**Task to carry out**
Your copy should match the listing word for word, apart from the pictures, which are left out.

**Provided material**

- - -

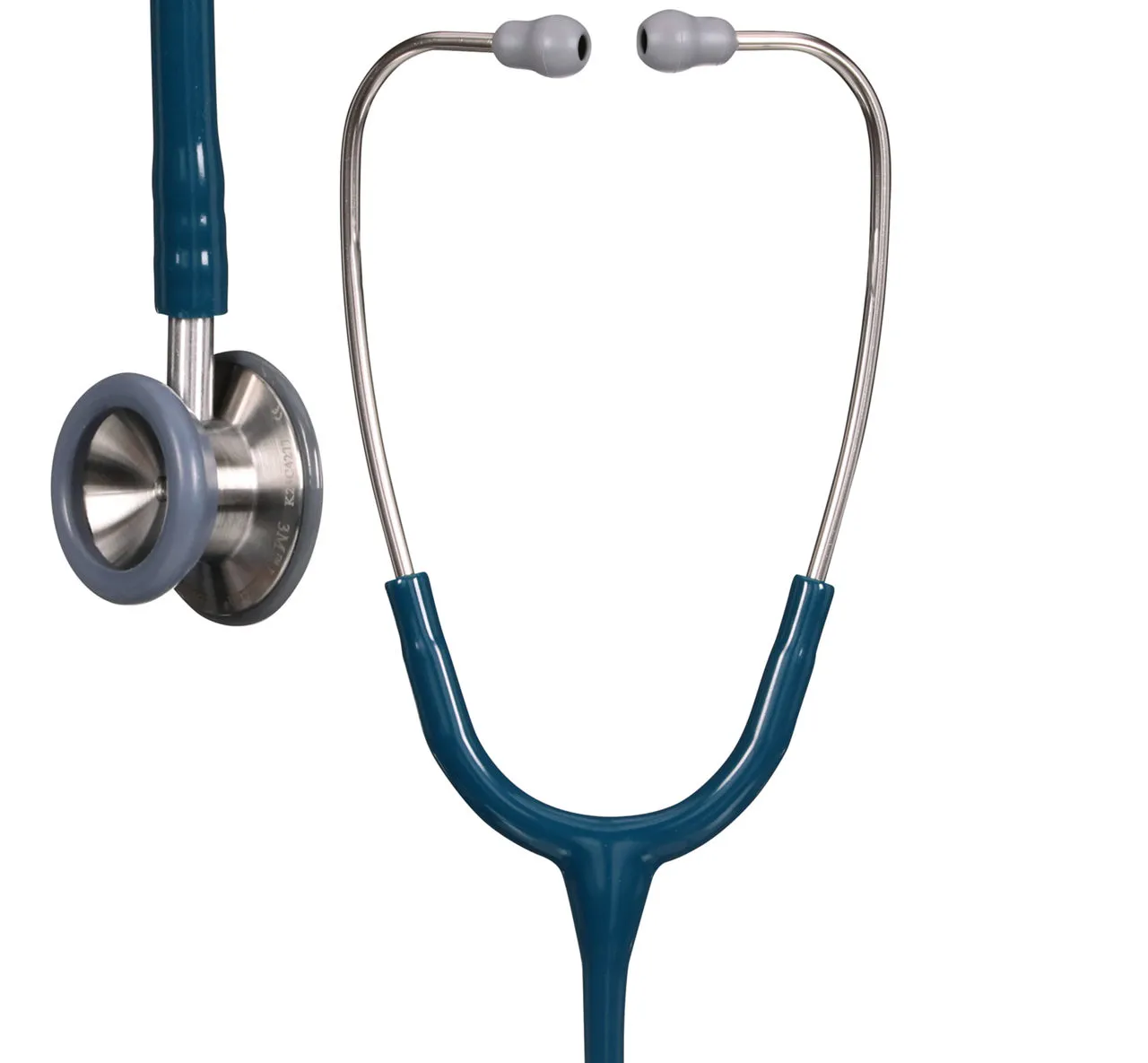 3M™ Littmann® Classic II Pediatric Stethoscopes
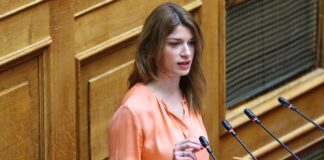 Κυβέρνηση: Υποκρισία και Διαφθορά – Μέτρα-Κοροϊδία και Επικοινωνιακή Διάσωση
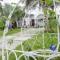 Hasayaki Homestay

- - -

**Response**
 3M™ Littmann® Classic II Pediatric Stethoscopes
 Κυβέρνηση: Υποκρισία και Διαφθορά – Μέτρα-Κοροϊδία και Επικοινωνιακή Διάσωση
 Hasayaki Homestay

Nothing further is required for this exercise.